Detroit-born jazz violinist Regina Carter didn't set out to become the center of a musical controversy in Genoa, Italy; she only wanted to do something that to some classical-music purists amounted to heresy: to play jazz using the 1743 Guarneri del Gesù violin of noted Italian composer Niccolò Paganini.

"I had a friend who was from Genoa, and he came up with the idea. He knew that the mayor of Genoa was a huge jazz fan, but I don't think anyone could have predicted the controversy," Carter said in a recent telephone interview from her home in Bergen County, N.J.

"Finally, though, I was granted permission," she said. "It was a long process because the violin is technically owned by the whole city."

Being the first jazz musician to play Paganini's cherished violin was an event Carter described as "nerve-racking," made even more so by the violin itself.

"Every instrument has its own personality, and that violin was exceptionally difficult. For one thing, it's really big, with a huge body and a deep, rich sound almost like a viola. In fact, in Italy they call it 'The Cannon.'"

Playing that violin, she said, was like riding a wild horse, even when she used it in the Genoa recording sessions that eventually became her 2003 album "Paganini: After a Dream."

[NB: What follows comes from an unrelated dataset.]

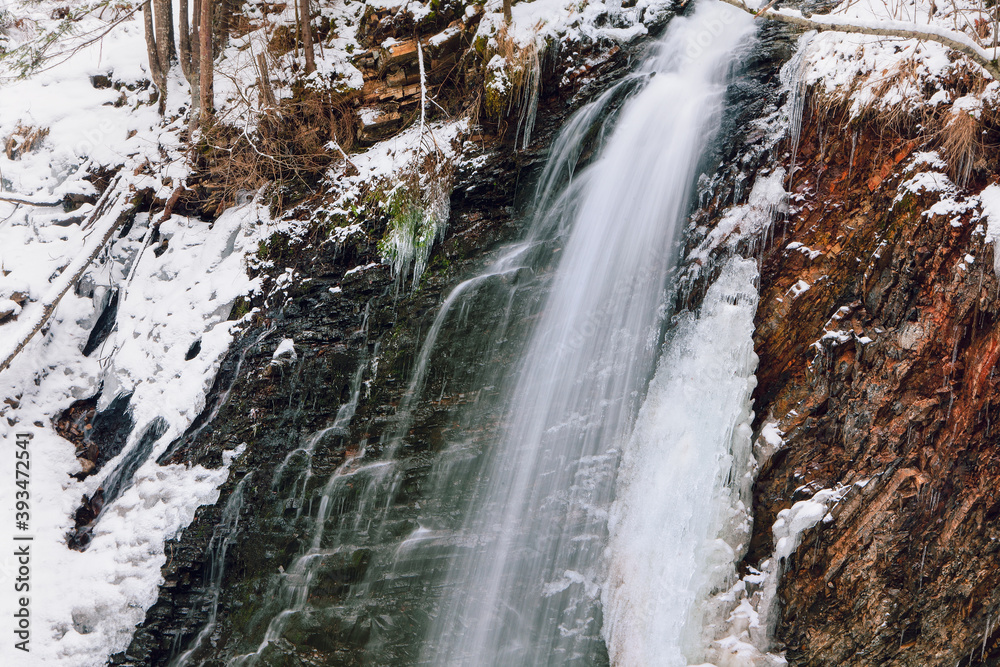 Obraz premium Natural water cascade in winter . Frost waterfall scenery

"It's a teasing instrument, and a lot of times you end up fighting with it," she said. "Playing that violin was not an easy experience but ... in a way, I can understand why Paganini fell so in love with it."

Finding her way

The cousin of famous jazz saxophonist James Carter, Regina committed herself to playing jazz while she was still a high school student in Michigan — a path that started causing problems for her once she was accepted into the prestigious New England Conservatory of Music in Boston.

"I only wound up staying there for two years, but it was a really intense experience. ... I did end up studying with some great teachers ... but in retrospect, I don't really think the conservatory was ready for a jazz violinist.

"I had to make my own way," she said. "And that was hard, especially in such a different environment."

After leaving the conservatory, Carter joined the all-female jazz quintet Straight Ahead, which released three albums on the Atlantic label in the 1990s and even earned praise from jazz great Branford Marsalis. She struck out on her own in 1995, releasing a self-titled album on Atlantic. Carter has since recorded five more albums and performed with some of the greatest names in jazz, not to mention pop and country icons such as Billy Joel and Dolly Parton.

"I liked working with Dolly, in particular. I mean, how can you not like Dolly Parton? She's an absolutely tiny person, but she's one of the sweetest people you'd ever want to meet. She was doing a TV show and she needed a violinist to perform with her, and so she asked me ... and I can't think of another time when I've worked with such a nice, positive and supporting fellow artist."

Genius

In 2006, Carter received a "genius grant" from the MacArthur Fellows Program. By any measure, it was the achievement of a lifetime, and not just for the $500,000 award attached to it.

"The real reason that this award is so famous, I think, is because your name gets submitted in secret, and you can't know anything about it," Carter said. "They watch you over the course of three years, charting things like performances and community contributions, and then one day you just get a phone call."

On the morning Carter was selected — along with children's book author and illustrator David Macaulay, deep-sea explorer Edith Widder and stem-cell researcher Kevin Eggan, to name just a few — she was roused by a phone call that she first took for a prank.

"What would you think if someone called your house saying 'This is your money, you can do whatever you want with it?'" Carter said. "It took a little bit of convincing, but finally I began to understand how big this really was."

Though past winners have used the money to go abroad, to take a teaching sabbatical, to write a book — or even to put new siding on a house — Carter is using her award to take online music classes, purchase photographs, pay research-related travel expenses and conduct interviews on a piece she's writing about the area of Detroit where her mother grew up, a neighborhood known as Black Bottom.

Meanwhile, she's hard at work exploring an African-influenced jazz sound for her next album, several pieces of which she plans to play during a performance.

"At this point in my career, I'm trying to go after a softer, more acoustic sound," she said. "But I'm also exploring more world-based themes, using a bass player from Senegal, for example, or turning to instruments I've never used before, like a kora [an African stringed instrument made from a calabash gourd and stretched with cowhide] or a dulcimer.

"It's something quieter, maybe a little bit like African-influenced chamber music," she said. "And I'm so excited to see how folks are going to respond."